**TRY IT**: Look for the line containing "Qiddiya: 2-Night 5-Star" in the entries below, then print that line and all that follow it exactly.

**PROVIDED DATA**:
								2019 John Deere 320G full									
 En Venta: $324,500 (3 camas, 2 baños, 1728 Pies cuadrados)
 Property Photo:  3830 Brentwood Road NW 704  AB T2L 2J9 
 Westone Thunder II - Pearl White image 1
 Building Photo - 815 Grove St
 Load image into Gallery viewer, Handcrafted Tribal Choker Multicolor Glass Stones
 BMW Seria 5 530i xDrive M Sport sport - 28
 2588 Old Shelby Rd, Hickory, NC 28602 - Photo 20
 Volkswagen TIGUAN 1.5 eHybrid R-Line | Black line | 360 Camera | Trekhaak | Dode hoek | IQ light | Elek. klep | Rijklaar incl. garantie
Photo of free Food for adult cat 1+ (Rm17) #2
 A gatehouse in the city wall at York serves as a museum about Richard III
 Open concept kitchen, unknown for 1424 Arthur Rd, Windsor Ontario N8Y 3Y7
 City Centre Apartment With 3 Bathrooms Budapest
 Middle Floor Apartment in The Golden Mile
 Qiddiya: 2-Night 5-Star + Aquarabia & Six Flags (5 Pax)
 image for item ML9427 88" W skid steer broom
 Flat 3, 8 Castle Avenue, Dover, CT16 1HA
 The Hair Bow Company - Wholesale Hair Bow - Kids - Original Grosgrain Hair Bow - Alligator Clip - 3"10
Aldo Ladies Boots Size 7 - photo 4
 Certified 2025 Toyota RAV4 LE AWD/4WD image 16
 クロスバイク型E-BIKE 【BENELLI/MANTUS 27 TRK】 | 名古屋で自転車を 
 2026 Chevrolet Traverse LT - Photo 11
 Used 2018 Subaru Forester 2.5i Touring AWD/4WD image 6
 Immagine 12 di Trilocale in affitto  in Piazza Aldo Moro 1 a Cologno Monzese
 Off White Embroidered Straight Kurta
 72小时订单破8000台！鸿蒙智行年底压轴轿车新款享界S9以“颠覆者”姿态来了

**EXERCISE RESULT**:
 Qiddiya: 2-Night 5-Star + Aquarabia & Six Flags (5 Pax)
 image for item ML9427 88" W skid steer broom
 Flat 3, 8 Castle Avenue, Dover, CT16 1HA
 The Hair Bow Company - Wholesale Hair Bow - Kids - Original Grosgrain Hair Bow - Alligator Clip - 3"10
Aldo Ladies Boots Size 7 - photo 4
 Certified 2025 Toyota RAV4 LE AWD/4WD image 16
 クロスバイク型E-BIKE 【BENELLI/MANTUS 27 TRK】 | 名古屋で自転車を 
 2026 Chevrolet Traverse LT - Photo 11
 Used 2018 Subaru Forester 2.5i Touring AWD/4WD image 6
 Immagine 12 di Trilocale in affitto  in Piazza Aldo Moro 1 a Cologno Monzese
 Off White Embroidered Straight Kurta
 72小时订单破8000台！鸿蒙智行年底压轴轿车新款享界S9以“颠覆者”姿态来了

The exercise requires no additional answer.